O fulcro do artigo está numa frase, logo após um parágrafo em que Malheiros reconhece – vá lá – que o regime cubano se “orientou” para uma linha ditatorial, que diz o seguinte: “Este discurso é ele próprio contraditório? É. Como se pode falar de esperança, de ideais de liberdade e de combate pela justiça a propósito de uma sociedade onde há liberdades básicas que não são reconhecidas? Pode-se porque as coisas não são simples nem puras e porque não há nenhuma lei da Natureza que dite que tem de haver coerência entre os objectivos que se traçam e os caminhos que se percorrem.” Por outras palavras, os fins podem justificar os meios, o que eu já li escrito pelas penas de todos os grandes totalitários do século XX, às vezes com uma franqueza pelo menos mais saudável do que a de José Vítor Malheiros. 

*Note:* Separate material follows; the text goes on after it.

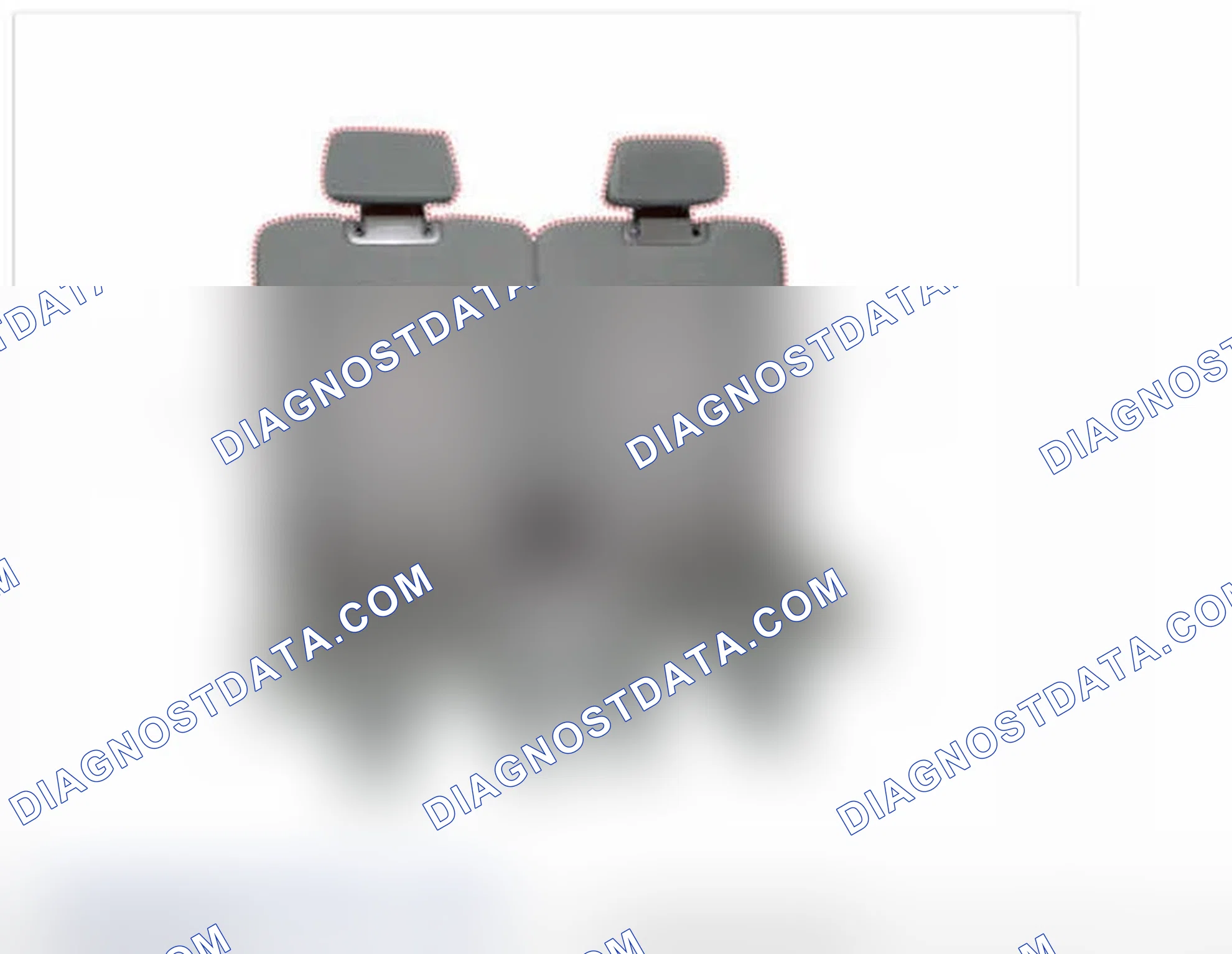 Scheme 19: [Third row seat assembly]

Claro que não há nenhuma lei da Natureza que dite seja o que fôr sobre a coerência dos objectivos dos homens. As leis da Natureza estão mais preocupadas com a interacção de fotões e nucleões e outros do género, e o que se passe a nível mais agregado não as interessa por aí além. A esse nível agregado o que há são leis dos homens, uns achando que a complexidade e a impureza da vida justificam a prisão de um homem que pensa de forma diferente, como Malheiros e muitos outros, e outros, infelizmente cada vez menos, que acham que as coisas são mais simples do que isso e que não existe nenhuma mas mesmo nenhuma razão que justifique justificar o horror do totalitarismo e que a questão dos valores democráticos é sempre central e nunca periférica ou acessória.

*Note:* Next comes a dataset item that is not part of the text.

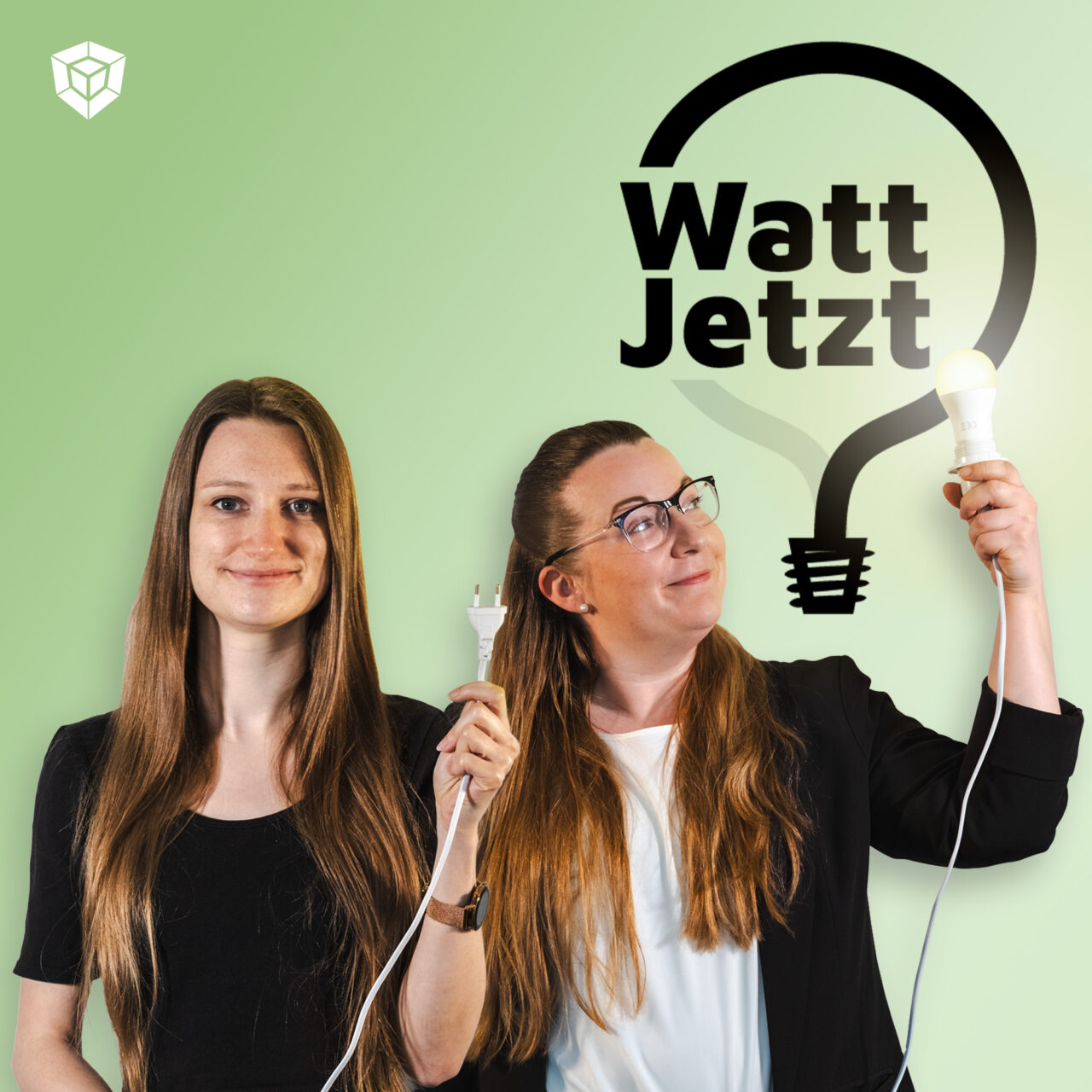 Cover Podcast Watt Jetzt? mit Katrin und Marie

Em contraponto a Malheiros e à sua pequena e dissimulada justificação dos fascismos, comunismos e outros ismos que vão sendo gerados pela “incoerência entre caminhos e objectivos”, ocorrem-me a enorme verticalidade e os “huevos” do tamanho de melancias com que um velho Unamuno desmontou em público na Universidade de Salamanca o discurso totalitário do general Milan Astray e o seu “viva la muerte”. Para Unamuno, certamente as coisas também não eram simples nem puras, mas os limites eram claros e justificavam não só a demarcação intelectual como a coragem física com que diante dos franquistas arruinou a carreira e expôs o pescoço.

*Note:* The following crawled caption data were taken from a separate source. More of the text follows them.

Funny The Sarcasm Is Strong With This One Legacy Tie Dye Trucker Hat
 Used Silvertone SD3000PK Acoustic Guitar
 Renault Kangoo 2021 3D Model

Pelo artigo fora, Malheiros volta a malhar na tecla quando estabelece a seguinte dicotomia: “Há quem sustente, às vezes com cinismo outras vezes com desonestidade, que isso significa que esses discursos generosos contêm em si mesmos o germe da catástrofe e devem ser condenados, quando não proibidos, e os seus defensores amordaçados ou fuzilados, e que se deve deixar, apenas, a natureza e sociedade seguir o seu curso sem interferências de maior. Outros consideram que o sonho de uma sociedade melhor e mais justa não deve ser abandonado apenas porque ainda não encontrámos o melhor caminho para lá chegar”. Este parágrafo é todo um exercício de malheiriana desonestidade intelectual empacotado num arrazoado digno das actas dos processos das purgas estalinistas. Aqueles que acham que Cuba não é o “símbolo de um combate generoso” só podem ser ou cínicos ou desonestos e querem amordaçar ou até fuzilar aqueles que fazem discursos generosos (não sei onde é que ele foi buscar esta dos fuzilamentos), enquanto àqueles que generosamente sonham tudo se pode desculpar enquanto não se encontra o melhor caminho para “lá” chegar. Suponho que até uns fuzilamentozitos nas paredes de Cuba, estes bastante reais.
Remata o artigo com a vetusta tese da “grandeza na tragédia desse extravio”, algo que eu já não ouvia há alguns anos, quando alguns justificavam as mortes e atribuíam os males dos regimes comunistas a alguma inabilidade prática de almas no entanto generosas.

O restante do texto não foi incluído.